Once we accept the possibility, the advantages of crowdsourcing an online Physics textbook start to appear:
- from start to finish the process should be more rapid than a traditional publishing route
- any alterations and additions can be made instantly
- living online enables ‘live’ linking out to other resources
- the digital format means rich media are easily incorporated
- end of section questions (if appropriate) could have auto-response/auto-marking included to provide rapid feedback for students
- social features could be included to enable commenting and discussion on each topic, section or paragraph
- through the right choice of platform(s), the ‘book’ could be distributed in a variety of different ways – printed, mobile-enabled, ebook, etc.
If an open platform was chosen with storage or distribution in open formats, users would still be able to amend any aspects of the ‘book’ to better suit the needs of their students or local circumstances, rather than choose a textbook which meets the average needs of an average student. Perhaps we might even have students authoring sections?!

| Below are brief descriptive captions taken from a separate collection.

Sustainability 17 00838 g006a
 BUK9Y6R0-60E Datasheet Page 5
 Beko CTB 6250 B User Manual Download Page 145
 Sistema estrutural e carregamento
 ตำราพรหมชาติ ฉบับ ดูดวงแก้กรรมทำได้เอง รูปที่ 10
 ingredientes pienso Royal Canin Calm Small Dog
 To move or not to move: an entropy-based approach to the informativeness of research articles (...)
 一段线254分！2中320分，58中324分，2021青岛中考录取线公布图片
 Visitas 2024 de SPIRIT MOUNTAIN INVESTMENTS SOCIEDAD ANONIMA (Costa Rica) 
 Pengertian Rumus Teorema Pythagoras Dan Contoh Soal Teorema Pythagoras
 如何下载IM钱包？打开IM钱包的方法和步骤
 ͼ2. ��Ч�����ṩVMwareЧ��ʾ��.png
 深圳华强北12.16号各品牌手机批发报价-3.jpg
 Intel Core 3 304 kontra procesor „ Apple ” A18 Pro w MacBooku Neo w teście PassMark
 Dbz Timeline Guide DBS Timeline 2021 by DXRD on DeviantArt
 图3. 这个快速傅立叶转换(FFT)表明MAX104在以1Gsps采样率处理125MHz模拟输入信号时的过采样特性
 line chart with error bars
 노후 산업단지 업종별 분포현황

There are also other potential wider benefits. Teachers and schools in developing nations invariably lack the financial resources to buy textbooks at the price we in more developed economies are able to afford. Worthy organisations like Book Aid repurpose the books which have reached the end of one life, for a new one in another land. Without any experience of how the recipients actually feel, I can only imagine that they have equal degrees of gratitude, tinged with regret that they have to rely on cast-offs? But given the increased connectivity that many peoples are now beginning to benefit from, an open textbook model would mean they too could enjoy the latest version of any book, perhaps in a format and with content that lend themselves to their local circumstances. And needless to say, it need not be one more handout since they would hopefully be in a position to be co-authors. To return to my comfort zone of Physics, the textbooks we use have content which (hopefully) reflects our everyday experience, so in a section on motion, there might be exemplars which draw on a passenger jet or an Olympic swimmer. I wonder how the same section might be written for a learner on the savannah in Africa or tropical rainforest of Borneo? And how might sections written to reflect those peoples’ experiences be used here to help our students better understand and appreciate the lives of friends around the world?
Free textbooks could be ‘free’ in so many ways.
And it appears things are already under way.
What do you think? A flight of fancy or exciting opportunity? What have I missed?